(Brief descriptive captions)
= Beginning of Section =

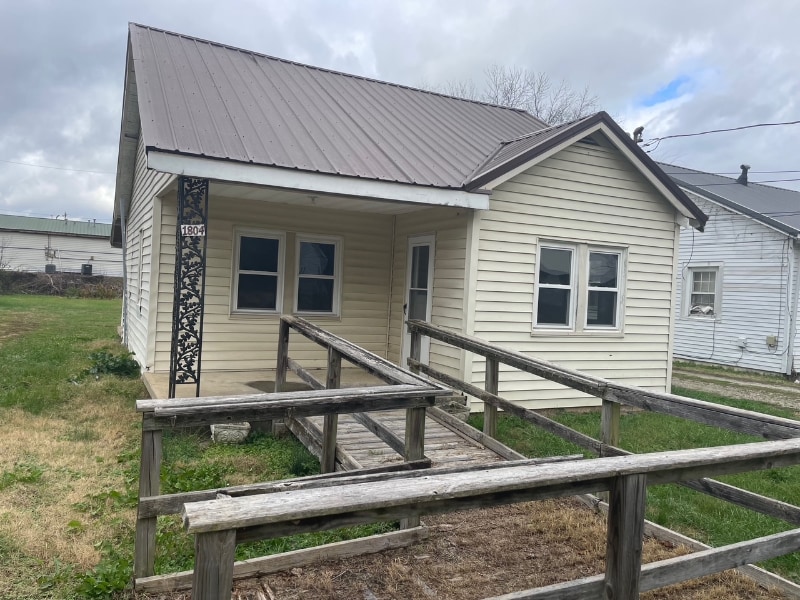 1804 Bailey St in Columbia, TN - Building Photo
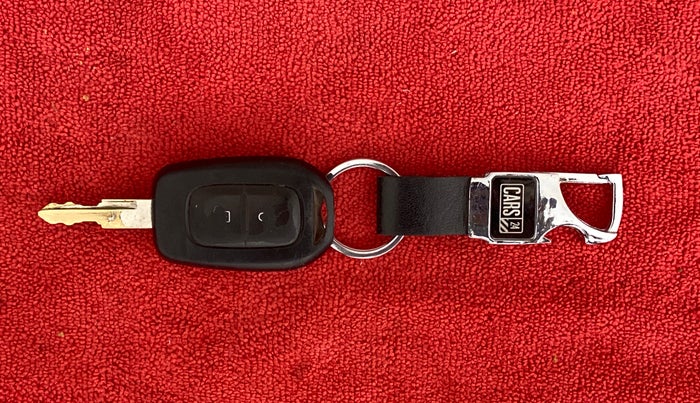 2018 Datsun Redi Go T (O), Petrol, Manual, 90,823 km, Key Close Up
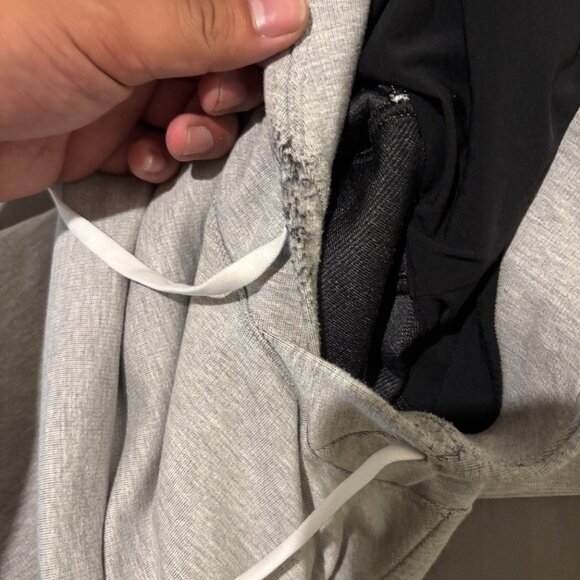 Lululemon City Sweat Hoodie Heathered Ultra Light Grey Gym Workout Training - Picture 6 of 6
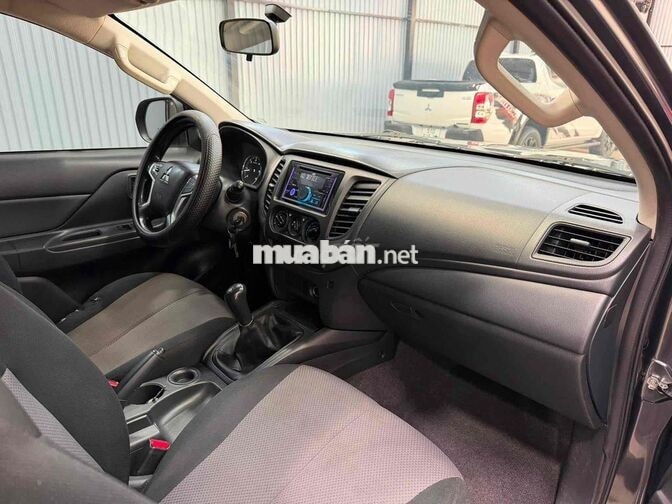 Mitsubishi Triton 2020 Số sàn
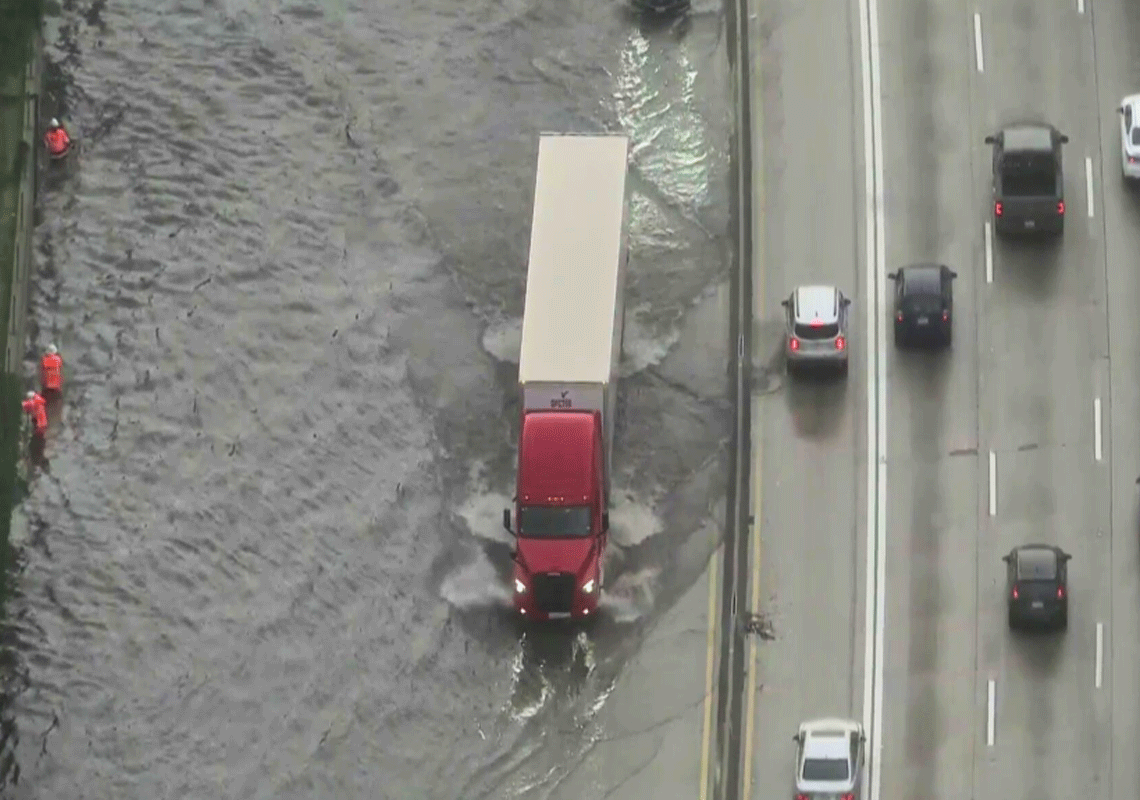 דרום קליפורניה סוערת: הצפות כבדות בנתיבים בכביש 405 והתרעות ברחבי האזור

= End of Section =

INSTRUCTIONS FOR THE TASK – Write out again exactly the lines from the start of the data above through the line containing "Mitsubishi Triton 2020 Số sàn", inclusive, excluding any pictures.

REPLY TO THE TASK –
 1804 Bailey St in Columbia, TN - Building Photo
 2018 Datsun Redi Go T (O), Petrol, Manual, 90,823 km, Key Close Up
 Lululemon City Sweat Hoodie Heathered Ultra Light Grey Gym Workout Training - Picture 6 of 6
 Mitsubishi Triton 2020 Số sàn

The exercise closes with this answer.